1430Federal Register / Vol. 64, No. 5 / Friday, January 8, 1999 / Notices
Response: These comments were not adopted. Processing the CCAS and locality pay increases simultaneously in January will streamline administrative processes. The operating procedures set forth the steps necessary for pay pool panels to perform their tasks timely.
C. Management Issues
A number of positive comments were received. Seven commentors supported the demonstration because it gives management necessary flexibility, reduces administrative costs, enhances employees’ career advancement, and improves personnel administration. Many commentors advocated the demonstration because it offers increased opportunity for them personally. Others viewed the project’s compensation and hiring features as a way to attract and retain highly qualified personnel.
Additional comments on the management aspect of the demonstration may be divided into eight subtopics, as follows:
Comments: Thirty-eight commentors thought favoritism and the “good old boy” system would drive the demonstration and lead to inequitable treatment of employees. Several employees said managers would now determine their pay increases and, ultimately, their retirement annuities. Others said that monetary awards would be given to employees who do not challenge authority and are part of a favored clique.
Response: The demonstration establishes a structured, group review process to assess employees’ contributions to the mission. This process is designed to reduce favoritism and promote fairness.
Specifically, the use of pay pool panels ensures that individual supervisors’ ratings are reviewed by their peers (i.e., by other raters in the same pay pool) and by the supervisor of all raters in that pool. In addition, rated employees are rank-ordered by the entire pay pool panel. The intent here is not so much to require ranking per se as to ensure that inflation or deflation by any rater will be identified and corrected via the normal operation of the panel process. Finally, the pay pool manager (who is generally at a higher organizational level than all the above-mentioned supervisors) oversees and approves the results of the group review process.
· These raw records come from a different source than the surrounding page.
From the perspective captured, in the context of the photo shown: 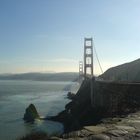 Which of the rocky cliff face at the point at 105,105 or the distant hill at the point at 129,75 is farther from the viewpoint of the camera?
the distant hill at the point at 129,75

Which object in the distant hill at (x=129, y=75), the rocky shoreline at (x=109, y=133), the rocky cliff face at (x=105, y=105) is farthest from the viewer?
the distant hill at (x=129, y=75)

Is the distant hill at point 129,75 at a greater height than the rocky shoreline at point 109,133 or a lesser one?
greater

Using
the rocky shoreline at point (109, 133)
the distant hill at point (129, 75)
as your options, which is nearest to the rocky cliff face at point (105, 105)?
the rocky shoreline at point (109, 133)

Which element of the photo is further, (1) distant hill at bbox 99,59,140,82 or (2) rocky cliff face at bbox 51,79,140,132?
(1) distant hill at bbox 99,59,140,82

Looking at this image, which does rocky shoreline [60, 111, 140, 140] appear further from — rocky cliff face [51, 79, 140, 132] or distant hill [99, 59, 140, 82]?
distant hill [99, 59, 140, 82]

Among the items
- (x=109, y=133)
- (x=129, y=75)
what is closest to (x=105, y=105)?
(x=109, y=133)

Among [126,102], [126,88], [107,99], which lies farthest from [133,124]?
[107,99]

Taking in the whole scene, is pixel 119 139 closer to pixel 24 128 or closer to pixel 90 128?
pixel 90 128

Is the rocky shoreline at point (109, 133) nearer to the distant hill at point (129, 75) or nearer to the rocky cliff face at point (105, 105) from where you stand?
the rocky cliff face at point (105, 105)

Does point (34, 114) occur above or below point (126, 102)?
below

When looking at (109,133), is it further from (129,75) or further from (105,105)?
(129,75)

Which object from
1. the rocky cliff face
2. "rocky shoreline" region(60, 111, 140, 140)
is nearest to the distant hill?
the rocky cliff face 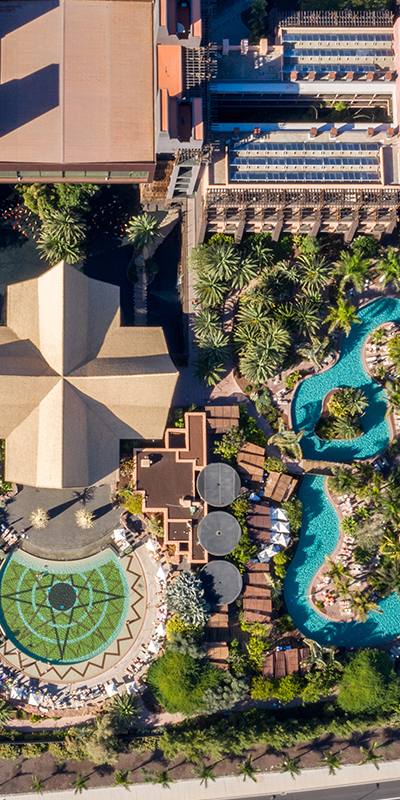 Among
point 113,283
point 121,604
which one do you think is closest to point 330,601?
point 121,604

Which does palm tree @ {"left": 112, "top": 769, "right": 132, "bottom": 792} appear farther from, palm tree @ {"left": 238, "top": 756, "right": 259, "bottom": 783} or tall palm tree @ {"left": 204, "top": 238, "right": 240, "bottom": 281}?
tall palm tree @ {"left": 204, "top": 238, "right": 240, "bottom": 281}

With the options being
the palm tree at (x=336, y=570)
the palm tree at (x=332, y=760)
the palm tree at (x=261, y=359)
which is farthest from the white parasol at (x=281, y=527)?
the palm tree at (x=332, y=760)

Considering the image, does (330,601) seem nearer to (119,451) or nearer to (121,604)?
(121,604)

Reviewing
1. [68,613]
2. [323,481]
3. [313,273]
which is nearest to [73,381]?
[68,613]

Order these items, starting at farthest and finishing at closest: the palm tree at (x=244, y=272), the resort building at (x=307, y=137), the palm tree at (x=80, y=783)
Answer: the palm tree at (x=244, y=272) → the resort building at (x=307, y=137) → the palm tree at (x=80, y=783)

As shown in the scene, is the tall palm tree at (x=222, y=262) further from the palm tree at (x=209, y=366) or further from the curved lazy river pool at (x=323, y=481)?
the curved lazy river pool at (x=323, y=481)

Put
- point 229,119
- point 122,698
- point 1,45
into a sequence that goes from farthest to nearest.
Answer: point 229,119 → point 122,698 → point 1,45

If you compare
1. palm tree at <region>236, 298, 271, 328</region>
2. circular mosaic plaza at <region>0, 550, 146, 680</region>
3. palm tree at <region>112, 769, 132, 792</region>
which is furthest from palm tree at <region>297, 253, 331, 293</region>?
palm tree at <region>112, 769, 132, 792</region> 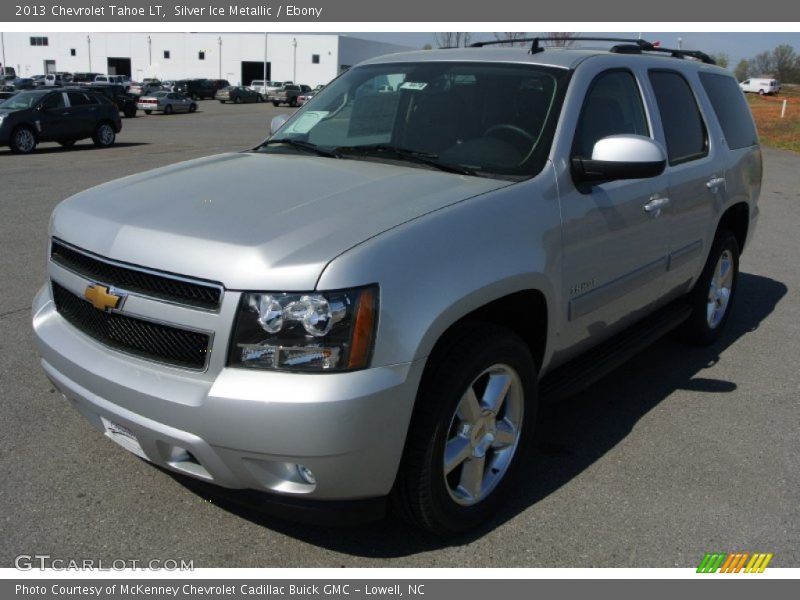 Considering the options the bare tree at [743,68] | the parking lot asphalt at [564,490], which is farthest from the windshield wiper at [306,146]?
the bare tree at [743,68]

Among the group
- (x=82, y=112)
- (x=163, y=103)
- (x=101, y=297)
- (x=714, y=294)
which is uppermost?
(x=101, y=297)

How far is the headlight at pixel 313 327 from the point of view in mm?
2498

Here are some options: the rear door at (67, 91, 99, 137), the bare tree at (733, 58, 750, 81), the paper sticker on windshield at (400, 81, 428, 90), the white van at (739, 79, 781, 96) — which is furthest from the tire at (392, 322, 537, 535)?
the bare tree at (733, 58, 750, 81)

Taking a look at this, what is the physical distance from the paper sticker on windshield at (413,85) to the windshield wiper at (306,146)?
0.58 m

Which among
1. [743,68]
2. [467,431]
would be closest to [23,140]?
[467,431]

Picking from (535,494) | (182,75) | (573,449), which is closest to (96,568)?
(535,494)

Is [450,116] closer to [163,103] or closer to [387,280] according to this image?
[387,280]

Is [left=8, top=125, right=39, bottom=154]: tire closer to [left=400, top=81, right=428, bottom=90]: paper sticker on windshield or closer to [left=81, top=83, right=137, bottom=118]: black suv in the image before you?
[left=400, top=81, right=428, bottom=90]: paper sticker on windshield

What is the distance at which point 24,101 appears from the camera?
1933cm

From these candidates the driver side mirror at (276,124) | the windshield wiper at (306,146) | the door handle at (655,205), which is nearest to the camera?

A focused training session has been developed to teach supervisors and managers how to administer CCAS correctly. Additionally, a third-party evaluator continually collects data on project operation and monitors compensation trends, among other areas.
In summary, the pay pool panel process, managerial training, and continuing evaluation all guard against favoritism and promote fairness for employees under the demonstration.
Comments: Three commentors thought current acquisition managers need preparation for the challenge of administering CCAS.
Response: A very robust training program will be provided for all supervisors and managers of demonstration participants so that they may gain confidence and competence in performing their duties.
(3) Waivers of Federal Civil Service Laws and Regulations
Comments: A number of commentors thought the Federal Register notice’s list of waivers would diminish or eliminate employee protections.
Response: Waivers are an integral part of any Federal personnel demonstration project. Their purpose is to permit innovation, not to diminish employees’ rights. A demonstration project is defined as—
a project conducted by the Office of Personnel Management, or under its supervision, to determine whether a specified change in personnel management policies or procedures would result in improved Federal personnel management (5 U.S.C. 4701(a)(4)).